*EXERCISE*
Repeat exactly what runs from the line containing "Why Regular AIDS" through the last line of the material below. Do not copy the pictures.
:: DATA FOR PROCESSING ::
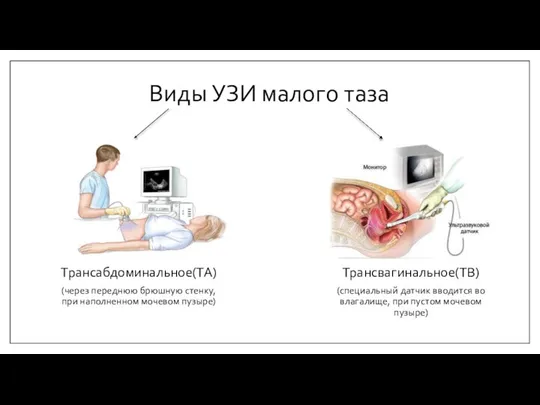 Виды УЗИ малого таза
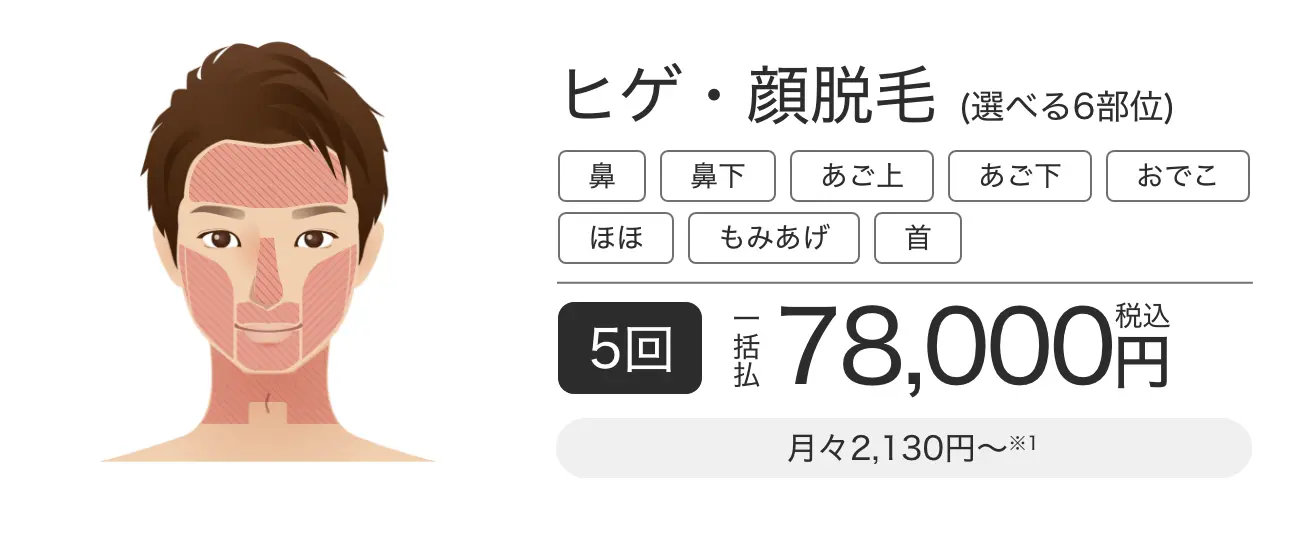 メンズ脱毛の値段の相場は？医療脱毛とエステサロンを徹底比較！安くする方法も解説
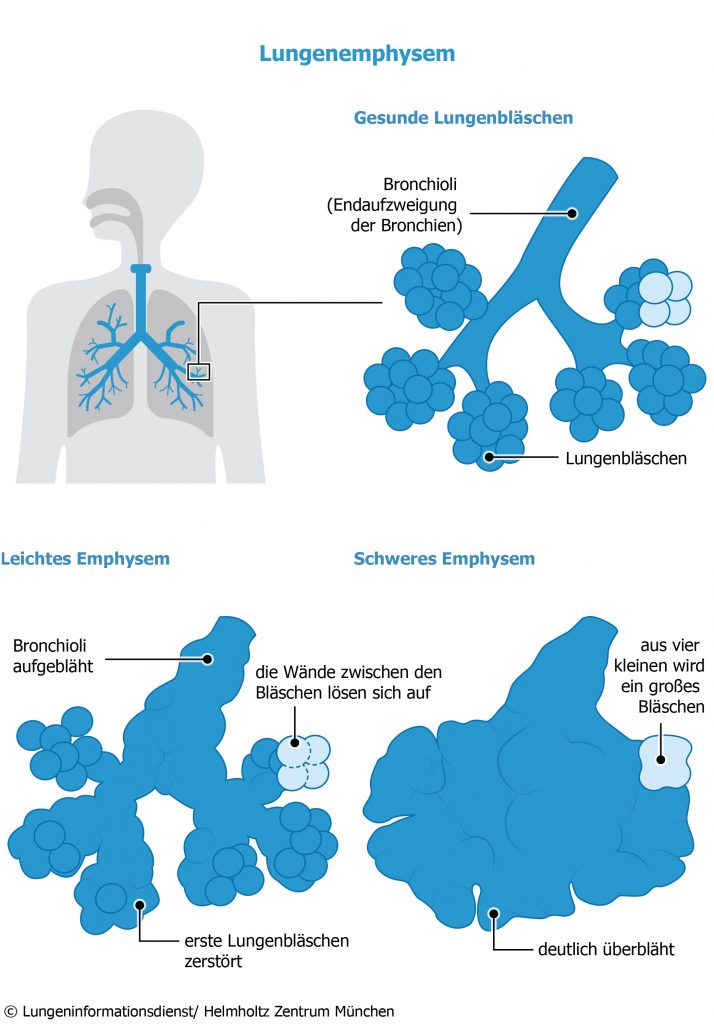 Lungenemphysem-LID-714x1024 Atemnot durch Lungenüberblähung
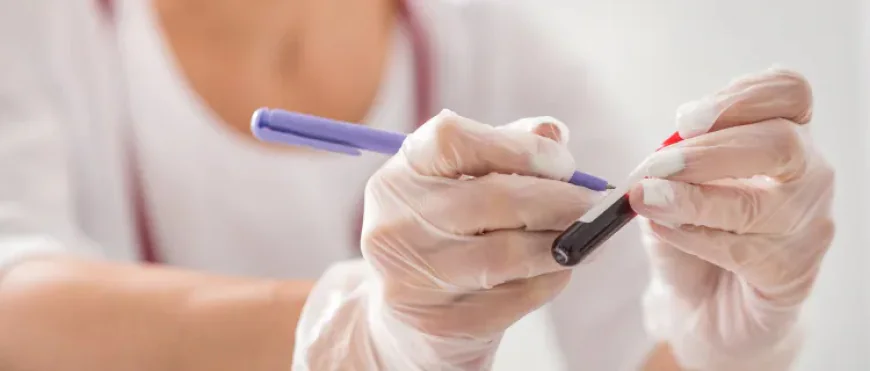 Why Regular AIDS HIV Testing Is Essential for Early Detection and Better Health
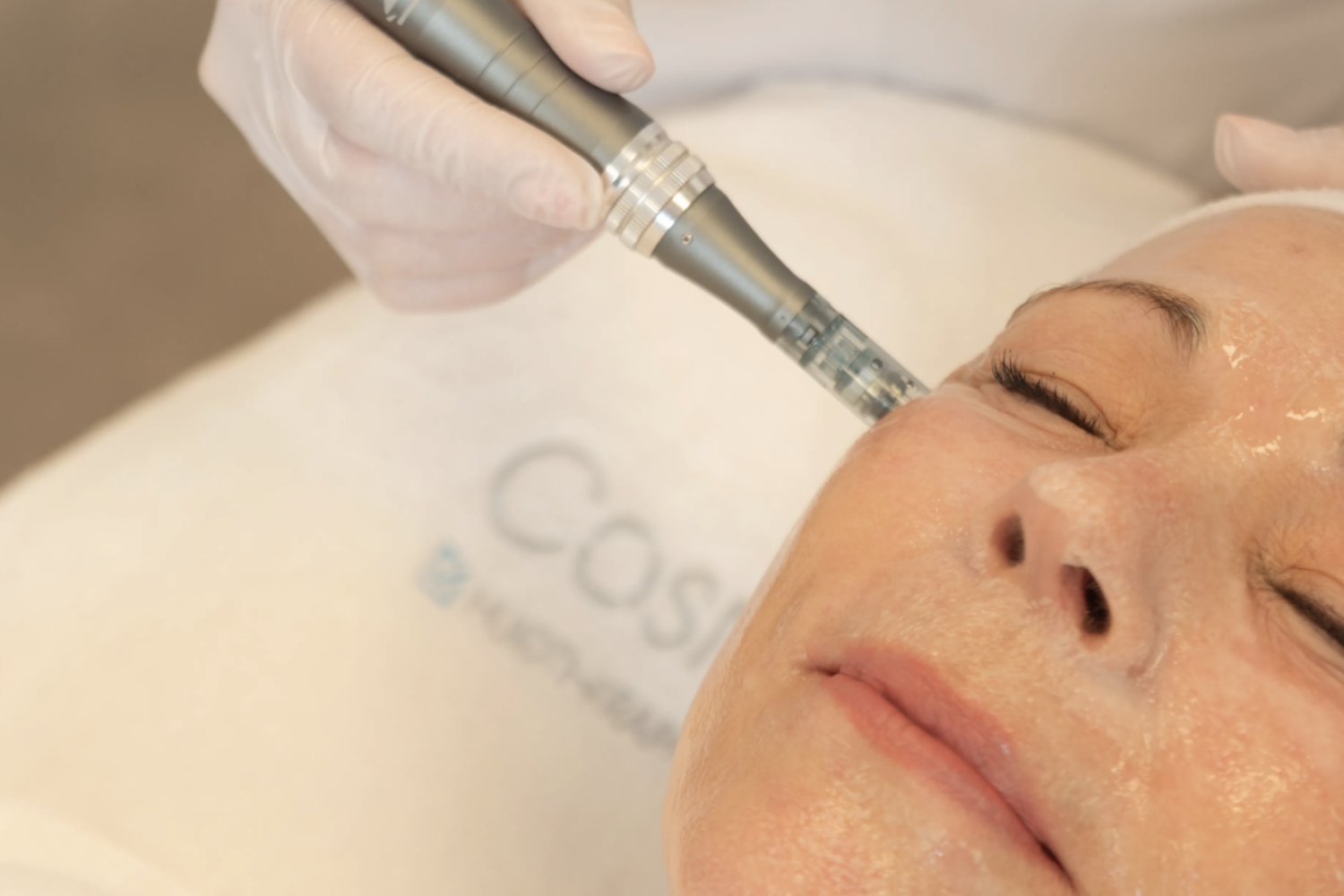 Microneedling (1)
:::
*ANSWER SPACE*
 Why Regular AIDS HIV Testing Is Essential for Early Detection and Better Health
 Microneedling (1)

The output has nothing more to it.